El desorden, o la intencional falta de información, no es casual. Es la coartada perfecta para esconder la verdadera magnitud del daño causado, especialmente en el ámbito económico. Sin registros confiables, sin datos actualizados y sin informes verificables, el nuevo gobierno deberá comenzar a ciegas, reconstruyendo a tientas lo que otros destruyeron con premeditación. Esa oscuridad deliberada no solo dificulta la gestión entrante, sino que busca perpetuar la impunidad de aquellos que usufructuaron del poder y se resisten a responder por ello.
La obligación del gobierno saliente era mantener, durante toda su gestión, información veraz y pública sobre el manejo de los recursos y el estado real de la economía. Pero eso nunca ocurrió. La norma fue el silencio institucional, las cifras maquilladas, los informes parciales y deformados; en fin, la mentira y la indecencia. Por eso, ningún decreto podía convertir lo oculto en transparencia ni lo falso en verdad.
La transición, más que un trámite, debía ser un acto de responsabilidad cívica. Sin embargo, lo que se ha visto es una fuga en silencio: funcionarios que abandonaron sus cargos sin rendir cuentas, archivos desaparecidos, vehículos oficiales entregados a último momento, contratos sin respaldo y deudas que nadie reconoce. La administración saliente no cerró una etapa; simplemente se retiró dejando un acre olor a ruinas y un mar de sospechas.
A esa falta de respeto por las formas democráticas se sumó la ausencia de Luis Arce en el acto de posesión presidencial; aunque, visto con ironía, al menos nos ahorró un discurso vacuo en el que, como siempre, habría intentado endilgar a otros la culpa del desastre. Pero su silencio no fue un gesto de prudencia, sino una confesión política. En su concepción patrimonial del poder, la derrota no se asume como relevo legítimo, sino como pérdida de privilegios.
Algunos han querido justificar su ausencia en razones ideológicas, aludiendo a que sus aliados autoritarios -Cuba, Venezuela y Nicaragua- no fueron invitados a la ceremonia. Esa coincidencia no hace sino confirmar su fidelidad y sometimiento a los regímenes que desprecian las libertades. Hasta su despedida fue coherente con la usanza de quienes nunca entregan el poder por las buenas.

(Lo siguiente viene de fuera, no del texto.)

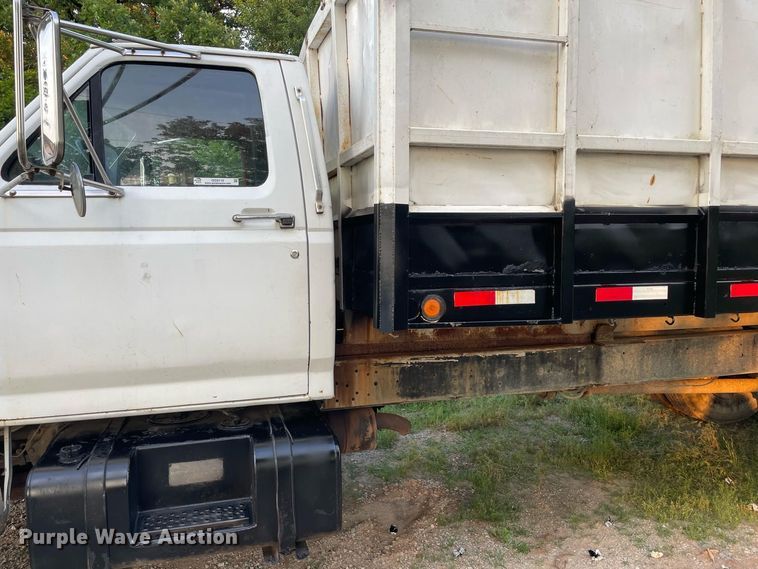 image for item OG9110 1988 Ford F800  grain truck
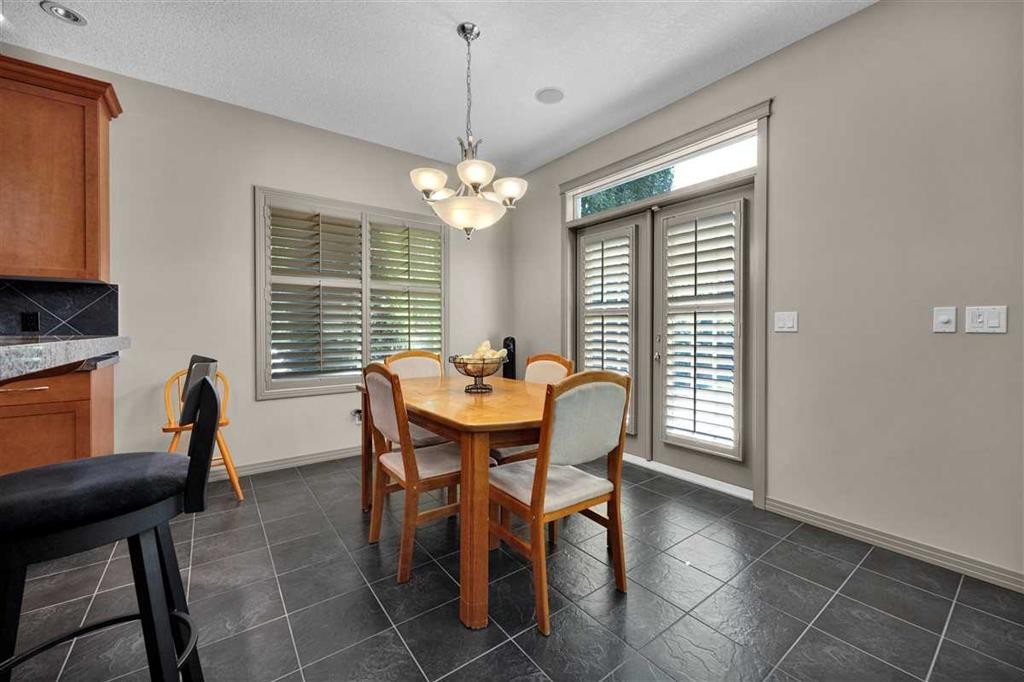146 Springborough Point Sw, Calgary, AB - Indoor Photo Showing Dining Room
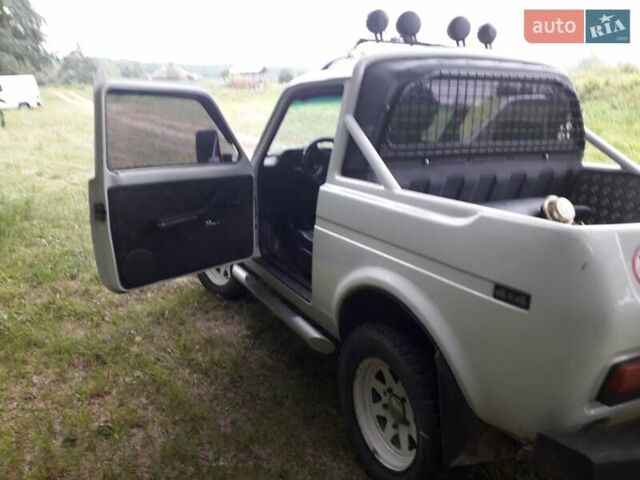 Білий ВАЗ 2121 Нива, об'ємом двигуна 1.6 л та пробігом 200 тис. км за 3050 $, фото 2 на Automoto.ua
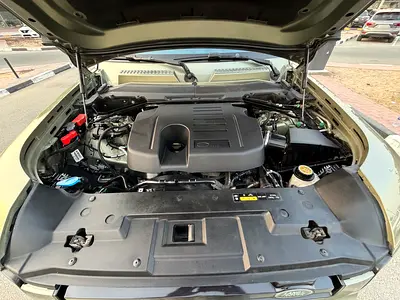 Land Rover Defender 110 SE P400, миниатюра 19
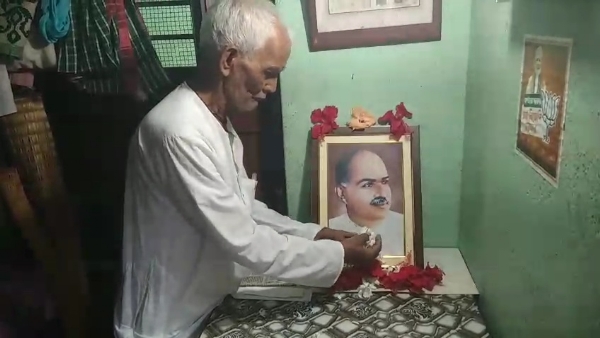 শ্যামা প্রসাদকে পুজো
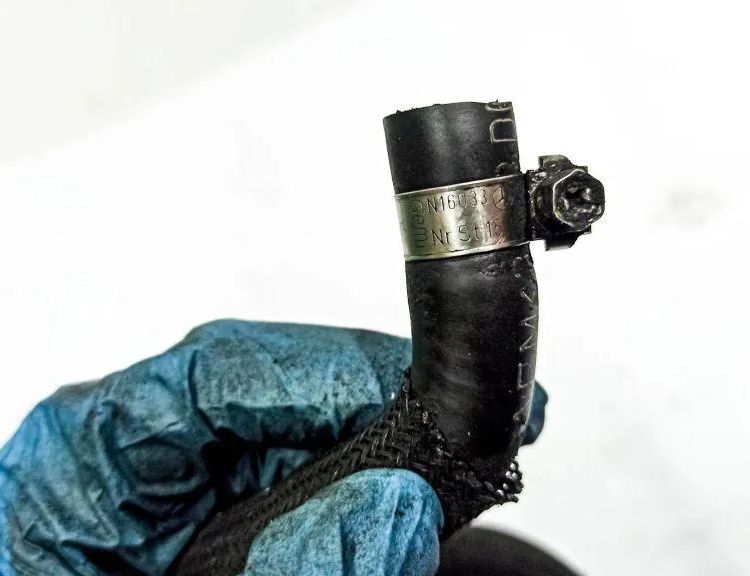 MERCEDES-BENZ CLC-Class CL203 (2008-2011) Servostyrningsslang A2039978682 32873653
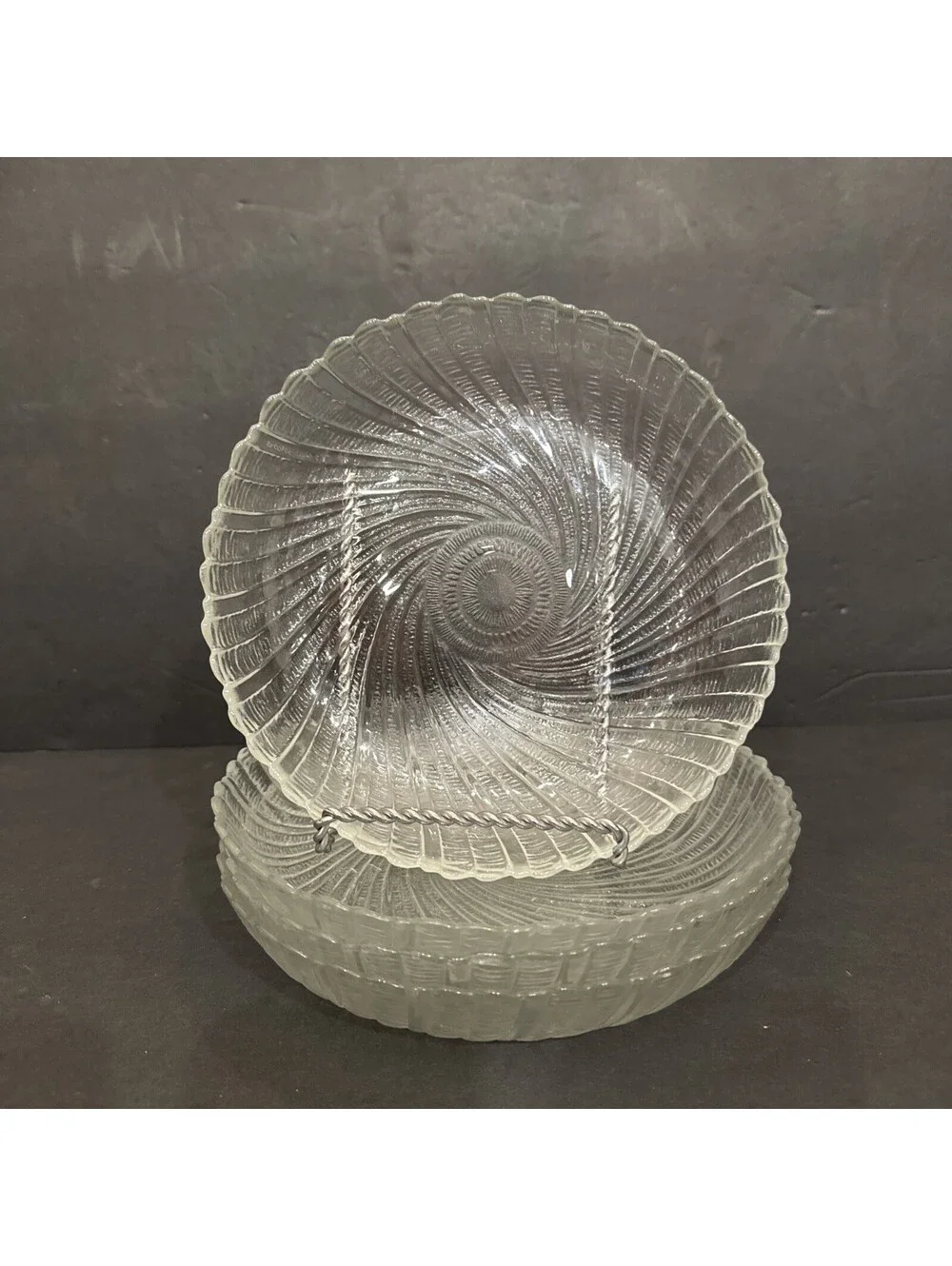 Arcoroc (4) Seabreeze Swirl Coupe Salad Plates Clear Glass 7 7/8” Wide USA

El nuevo gobierno tiene ahora la oportunidad y la obligación de marcar diferencia. Deberá iniciar este tiempo de esperanza destapando la verdad y sacándola a plena luz. Deberá abrir las puertas del Estado a la ciudadanía y someter las cuentas a auditorías públicas. Es preciso desenmascarar el pasado. La población debe conocer la situación real en que se recibe la administración del país.
Tras dos décadas de manejo arbitrario y corrupto, en las que los contratos directos por excepción y las coimas fueron práctica frecuente, es imperativo derribar el muro de la impunidad y llevar a cabo procesos que sancionen los malos manejos y recuperen el dinero esquilmado al pueblo. El país necesita transparencia y respeto por las reglas.
Que quienes se fueron aprendan que el poder no es un derecho, sino un encargo temporal; que la estulticia no es un modo de vida y que el robo es un delito. Y que quienes llegan recuerden que la autoridad solo se legitima con verdad y servicio.
Quedaron oficinas vacías como símbolo del país saqueado. El cambio de mando ya se produjo. El cambio de cultura tiene que llevar a la obligatoriedad de la rendición de cuentas y a la sanción de los delitos. Y no hay crimen más grave que empobrecer a un pueblo y, además de desmantelarlo, encima robarle.